The media advisor of the CAG, B.S. Chauhan, told The Wire, “Once we submit our report to the President, there is no amendment in it. A paragraph can neither be deleted nor edited. Our report is final, even if the Ministry keeps demanding its removal.”
The changing stances of the FCI
According to the documents, the draft report of CAG had estimated the avoidable expenditure due to non-optimal utilisation of vacant capacity at Kaithal silo at Rs 5.46 crore. However, this figure in the final report was Rs 6.49 crore.
When the CAG sought a reply on it the first time, the FCI claimed that they were not allowed to transfer wheat from the state godowns to the Adani silos citing the decisions of a 2014 meeting.
In its reply sent on August 1, 2017, the regional office of the FCI, Haryana, said:
“Kindly take cognizance of the meeting held on 07.03.2014 which states that delivering foodgrains directly to the FCI refers to wheat procured by the respective SGA mandis, and not the stocked foodgrain in SGA godowns. Therefore, according to this letter of the Government of India, transporting wheat from the state government godowns to Adani silos was prohibited.”
The regional office claimed that on this ground the question of estimating additional expenditure does not arise.
However, the CAG rejected this argument outright, claiming that it made no sense as the CAG’s assessment is based on why the stock was removed from the Adani silo after the procurement season was over, while the FCI kept paying for the vacant space.
“The guidelines mentioned by the FCI are related to the transfer of foodgrains only to FCI directly from the state government godowns during the procurement season,” remarked the auditor. “Since the FCI is paying a hefty amount for the Kaithal silo, it should have taken appropriate steps to utilize the space.”
The FCI countered it with different arguments. Initially, it argued that a 1.25% profit has been earned by storing wheat in the SGA godowns.
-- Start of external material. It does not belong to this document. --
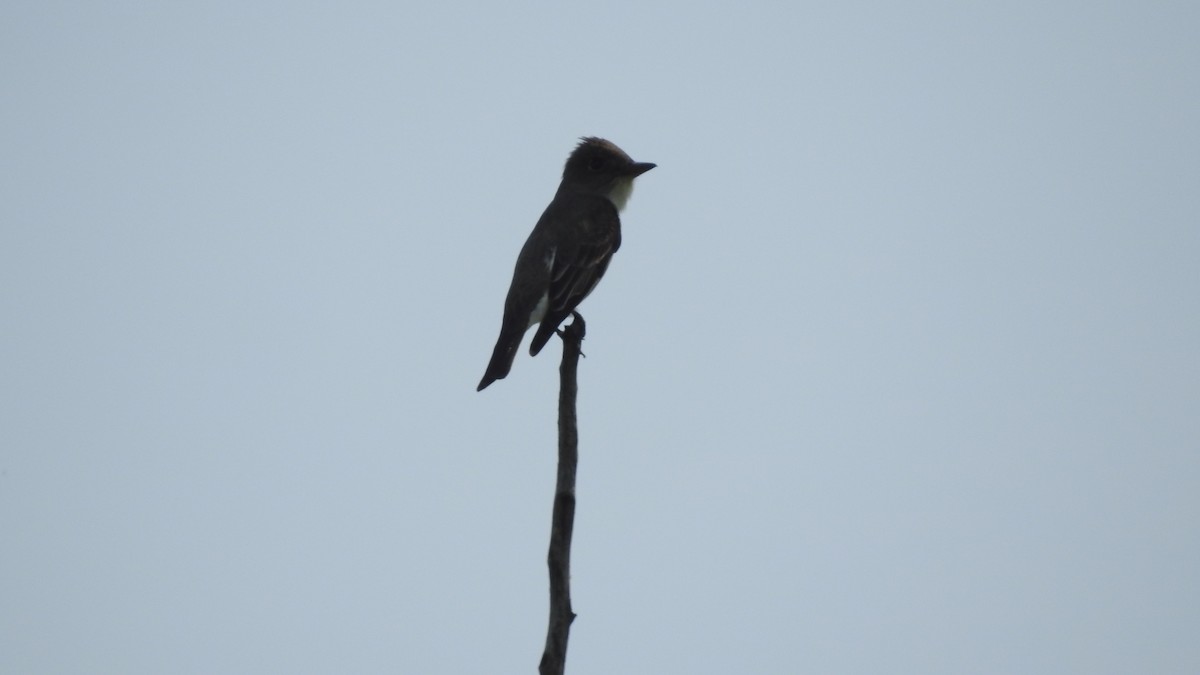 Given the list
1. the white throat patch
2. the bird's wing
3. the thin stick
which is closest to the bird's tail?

In response, when the CAG asked why then the GoI is constructing silos, the FCI changed its stance and claimed that it was only referring to a ‘special case’.
Meanwhile, the ministry as well as the FCI wrote a letter advocating the silo storage system and claimed that the losses incurred in storing food grains are less in silos than in conventional godowns.
The Wire has sent a list of questions to the Ministry of Consumer Affairs, Food and Public Distribution and the FCI regarding the matter, but no response has been received so far. The story will be updated as and when a response is received.
Translated from the Hindi original by Naushin Rehman.